As a starter for ten, I’ve pulled the Directgov local gov URL listing and local gov service list into scraperwiki (Local Gov Web Pages). Using the corresponding scraper API, we can easily run a query looking up service codes relating to pollution, for example:

select * from `serviceDesc` where ToName like '%pollution%'

From this, we can pick up what service code we need to use to look up pages related to that service (413 in the case of air pollution):

select * from `localgovpages` where LGSL=413

We can also get a link to an HTML table (or JSON representation, etc) of the data via a hackable URI:

https://api.scraperwiki.com/api/1.0/datastore/sqlite?format=htmltable&name=local_gov_web_pages&query=select%20*%20from%20%60localgovpages%60%20where%20LGSL%20%3D413

(Hackable in the sense we can easily change the service code to generate the table for the service with that code.)

So that’s the starter for 10. The next step that comes to my mind is to generate a dynamic Google custom search engine configuration file that defines a search engine that will search over just those URLs (or maybe those URLs plus the pages they link to). This would then provide the ability to generate custom search engines on the fly that searched over particular service pages from across localgov in a single, dynamically generated vertical.

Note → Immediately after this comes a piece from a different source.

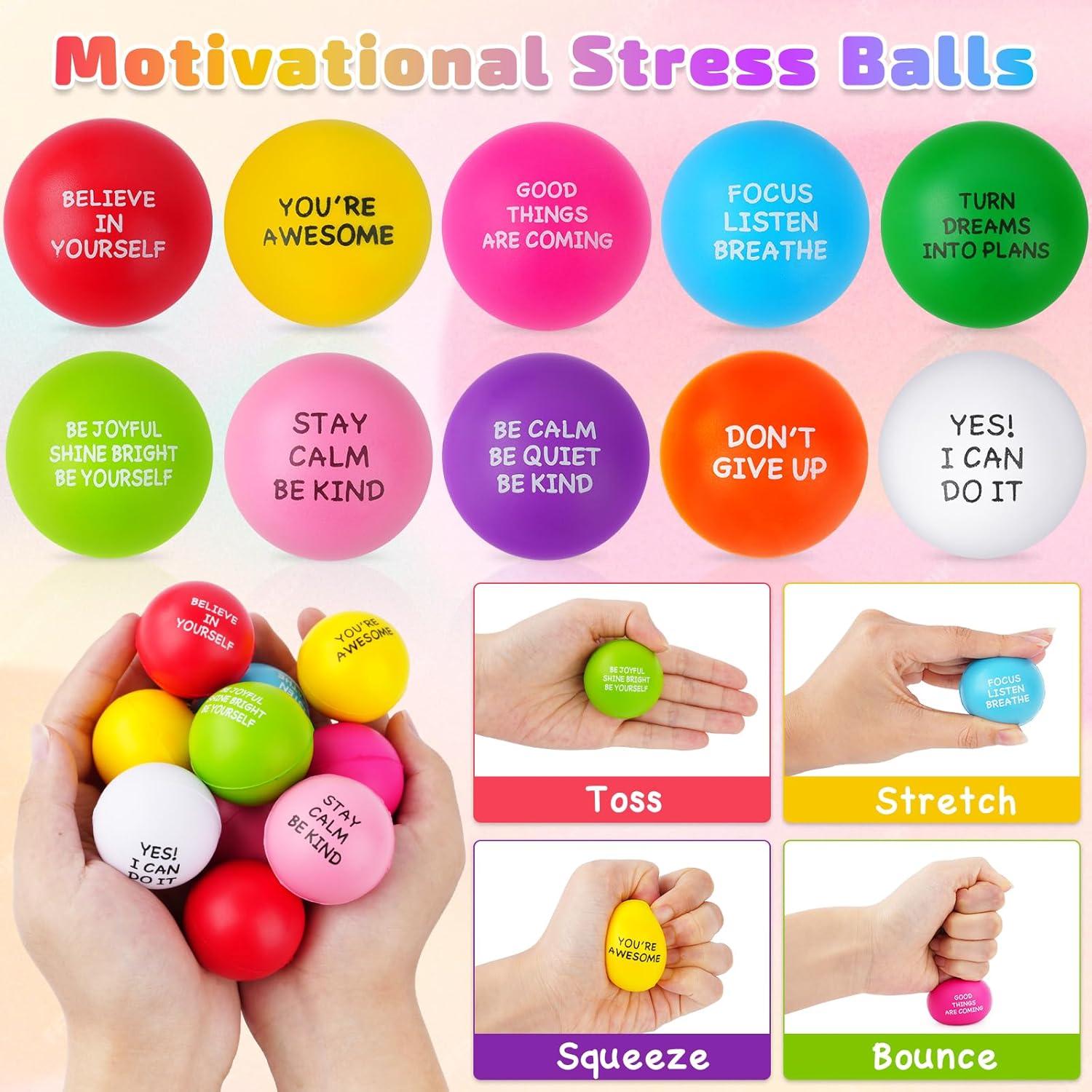 100 Pelotas Antiestrés Motivacionales SHQDD - Alivio Estrés 4 cm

A second thought is to grab those page, index them myself, crawl them/scrape them to find the pages they link to, and index those pages also (using something like tf-idf within each local council site to identify and remove common template elements from the index). (Hmmm… that could be an interesting complement to scraperwiki… SolrWiki, a site for compiling lists of links, indexing them, crawling them to depth N, and then configuring search ranking algorithms over the top of them… Hmmm… It’s a slightly different approach to generating custom search engines as a subset of a monolithic index, which is how the Google CSE and (previously) the Yahoo BOSS engines worked… Not scaleable, of course, but probably okay for small index engines and low thousands of search engines?)